Technically, impeachment is the quasi-criminal proceeding initiated by the Senate to impeach a public official, not the act of impeachment itself. However, most references to impeachment encompass the entire process, beginning with the House impeachment inquiry. The term is used here in this broader sense. Impeachment is a complex set of steps and procedures conducted by the legislature. The trial looks a bit like a grand jury inquiry conducted by the House of Representatives, followed by a full-fledged trial conducted by the Senate presided over by the Chief Justice. Impeachment is not exclusively aimed at presidents. The constitutional wording “all public servants” includes positions such as federal judges. However, legislators are offering a slightly streamlined process for lower offices by delegating much of it to committees. See Nixon v. US, 506 U.S. 224 (1993) (concerning the removal of a federal judge). The impeachment of the president involves the full public participation of both branches of Congress. Removal is an instrument that was included from the outset in the plans proposed to the Convention; The discussion focused on issues such as which body should initiate impeachment proceedings and the grounds that should be invoked to justify impeachment.841 Much of the Framers` attention has focused on the president and his impeachment, and the results of this narrow frame of reference are reflected in issues that have not been resolved by the wording of the Constitution.
If examples of treason and corruption are considered characteristic of all impeachment offenses, then government officials could only be removed if they commit criminal acts affecting their public function. This is an important category of wrongdoing, but it seems unlikely to encompass the full range of behaviours that could put the public good at imminent risk. Only “private” crimes such as tax evasion, perjury, sexual assault, and obstruction of justice have been deemed worthy of an impeachment inquiry precisely because they call into question a judge`s or leader`s ability to continue to properly perform his or her duties and preserve the dignity and respect of the office he or she holds. Even some cases of non-criminal misconduct on the part of a senior public servant may be considered too intolerable to allow him or her to continue to perform his or her public duties. This meager history has given Congress relatively few opportunities to flesh out the backbone of the constitutional text. The impeachment clause was included in the Constitution to provide additional oversight against abuses by government officials and to allow Congress to impeach an inept officer who might otherwise harm the public good. Not surprisingly, most scandal-damaged “U.S. civilian” officers resigned rather than face impeachment.
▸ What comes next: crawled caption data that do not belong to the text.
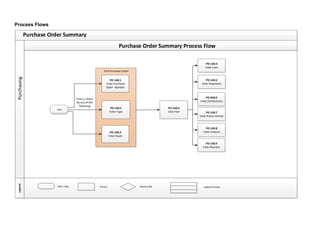 Purchasing Process.doc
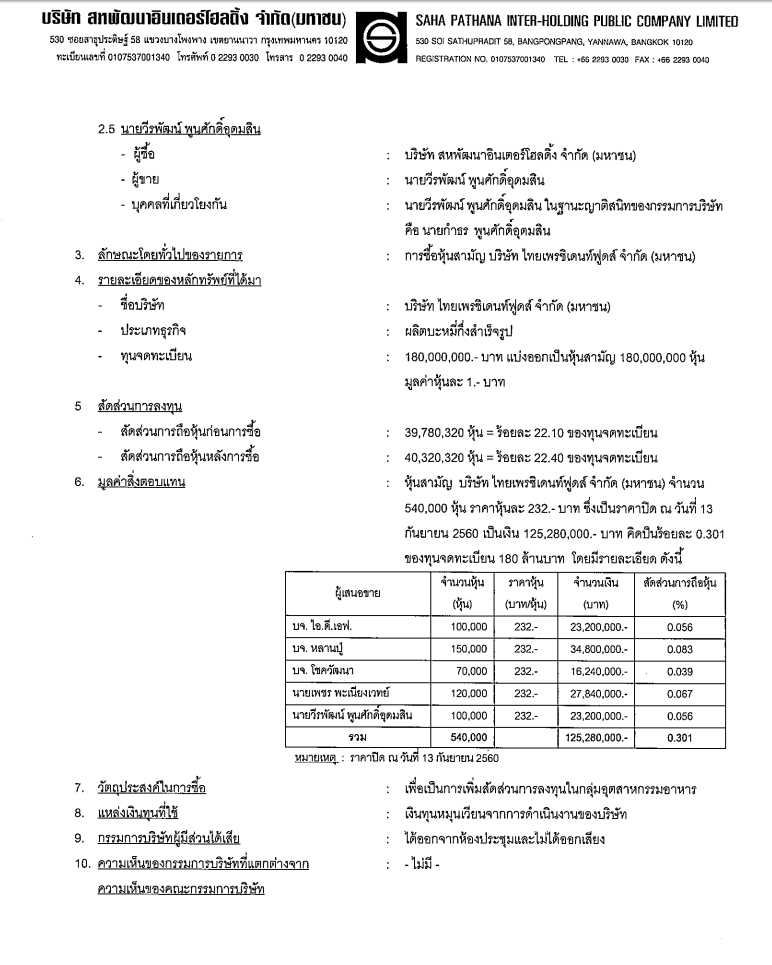 Spi ซื้อ TF  232  ห้าแสนสี่หมื่นหุ้น.png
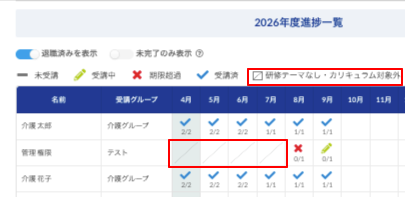 対象外と表示された法定研修の進捗画面
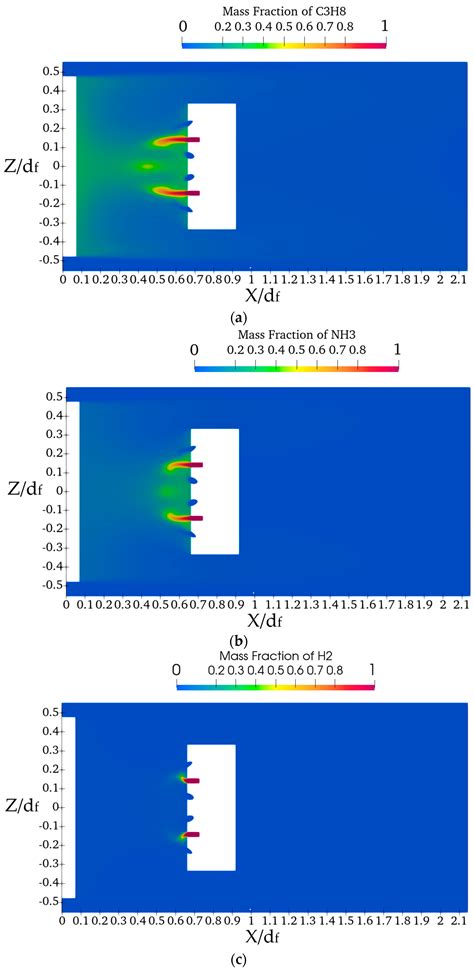 Mixing Enhancement Study in Axisymmetric Trapped-Vortex Combustor for ...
The House of Representatives and Senate refused to respond to impeachment allegations against people who did not hold federal office at the time. The Senate decided early on that members of Congress should be expelled from their individual chambers rather than impeached. Presidents acted quickly to remove problematic members of the executive branch. In practice, judges and presidents have been the main targets of impeachment investigations. The British impeachment proceedings against Warren Hastings, Governor-General of India, which were on the horizon at the time of the formulation and ratification of the constitution, were of particular importance to the understanding of practice in America. Hoffer & Hull, op. cit. cit., note 3, pp. 113-15. Hastings has been charged with serious crimes and misdemeanors, including bribery and abuse of power.23FootnoteConstitutional Grounds, op. cit.
footnote 2, p. 7; Hoffer & Hull, op. cit. cit., note 3, pp. 113-15. At the Constitutional Convention, George Mason alluded positively to Hastings` impeachment. At that time, the Convention had considered a proposal to define impeachment as appropriate for treason and corruption. George Mason objected, stating that treason would not cover Hastings` misconduct.24Footnote2 The Records of the Federal Convention of 1787, note 17, p. 550. In addition, he believed that impeachment should extend to attempts to undermine the Constitution.25FootnoteId.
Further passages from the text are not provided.